Given this uncertainty, it is amazing that the Hufeland Klinik make such bold claims on their website. They make it clear that their aim is to treat cancer using ‘naturopathic’ means. They focus on ‘detoxification’ – a pseudoscientific concept that has no real meaning. Their description of their diet approach looks like nothing much more than the usual nutritionist nonsense – raw vegetables – an obsession with drinking lots – juicing – and an irrational intolerance of sugar.
Their description of their ‘Biological Therapy’ lists a set of treatments that are common in naturopathic clinics, such as High Dose Intravenous Vitamin C, Ozone Therapy and enemas. Not only are these treatments without any meaningful scientific evidence base or rationale, they can also be harmful. Naturopathic treatment is not a scientific approach to medicine and is regarded as quackery. As alternative medicine expert, Edzard Ernst, says The German ‘Heilpraktiker (Naturopath)’ is a relic from the Nazis that endangers public health”.

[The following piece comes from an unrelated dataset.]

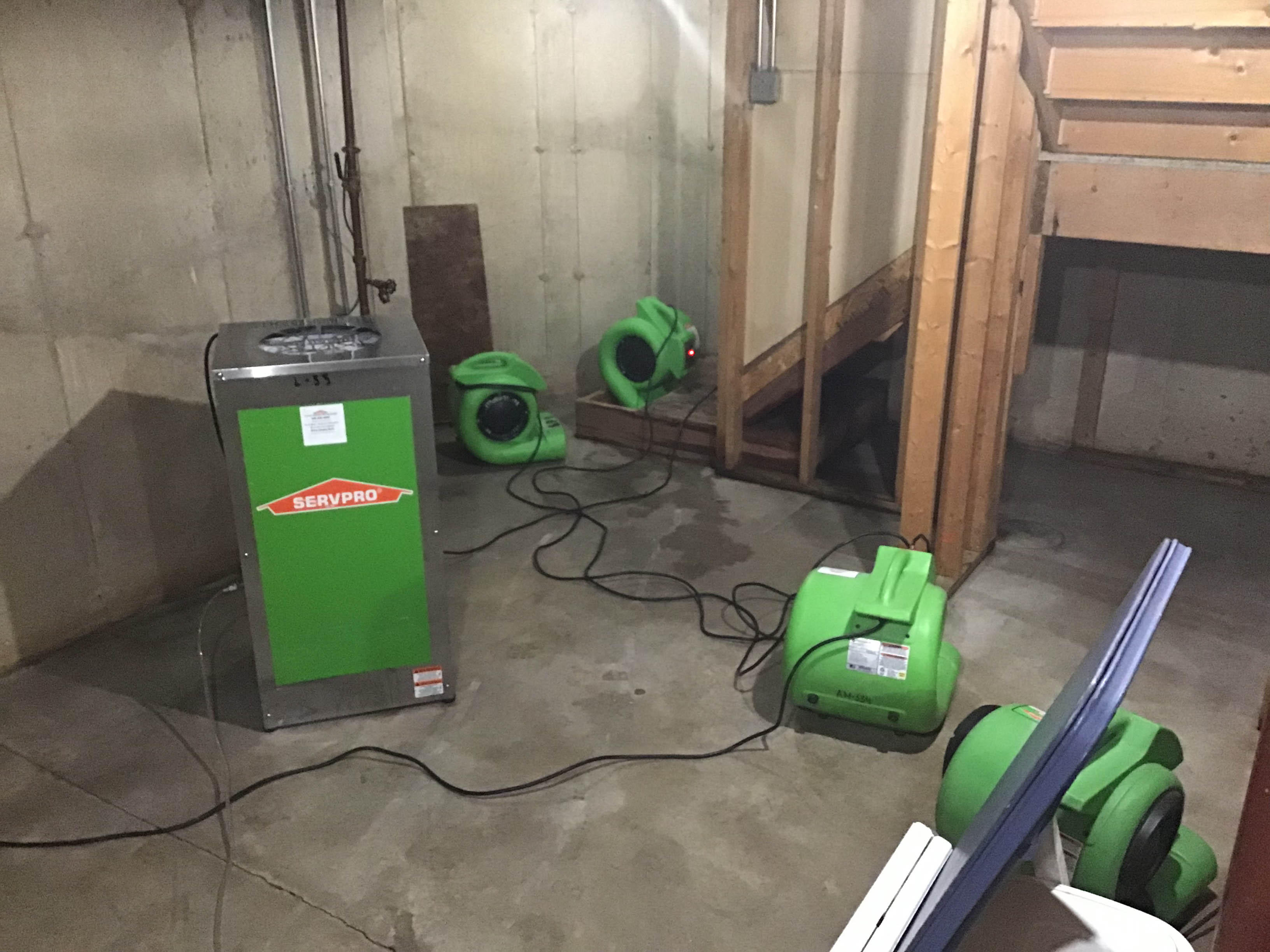 We have professional drying equipment used for any water restoration damage in your home or business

Other treatments on the Hufeland Klinik website raise concerns. Fever Therapy infects the patient with ‘bacterial lipopolysaccharides’ in order to induce a fever. This is done to ‘heat the tumour to 43°C’ in order to kill it. Rudolf Steiner’s occult mistletoe cancer treatment is also used. Despite many trials, this treatment has not proven to be effective and can harm. Other odd therapies include ‘Brainlight’, ‘chromotherapy’ and ‘Kneipp Therapy’ which consists of naturopathic classics such as hydrotherapy (water treatment), herbs and vitamins.
It does look as if the Hufeland Klinik offers a set of treatments that are either discredited, unproven, useless or even dangerous. If these treatments are really costing this poor family £60,000 then it does look hard to justify this money and those donating to the appeal are being misled. It is a shame such sums raised could not be used to help the family through what must be a devastating period of their lives. Work must be suffering and no doubt such sums could go a long way to providing practical support and care in their own home. Attending this clinic will most likely not offer hope but add to the series of awful experiences being suffered by the child.
The newspaper must bear some responsibility here. Without their uncritical reporting it would be harder to raise money. One would have thought that the first thing a journalist would do when presented with a ‘miracle cure’ type story would be check out the evidence for any claims. But in my experience this is almost never done. The papers love to run with the trope of an NHS that refuses to pay for ‘innovative’ treatments, doctors that are unable to think outside of their narrow treatments and a brave family battling this medical and social conservatism. But this trope is a myth. If the NHS does not provide a treatment it is almost always because it is not evidence-based, or is still in development or there are more cost-effective alternatives. Sometimes it might be right for someone to raise money to travel overseas for treatment, but again, this would almost always be in the context of taking part in a trial and money being required for hotels and other support during therapy. We saw a few years ago how the British press helped fund people to attend the notorious Texan cancer quack, Burzynski. Nothing has changed.
Families in this terrible situation need all the support society can offer them. Some of that will involve helping them to navigate through the myriad of cruel and deceptive claims made on the web by peddlers of false hope and impossible miracles. We are badly served by our newspapers who refuse to engage in that difficult, sensitive and important conversation.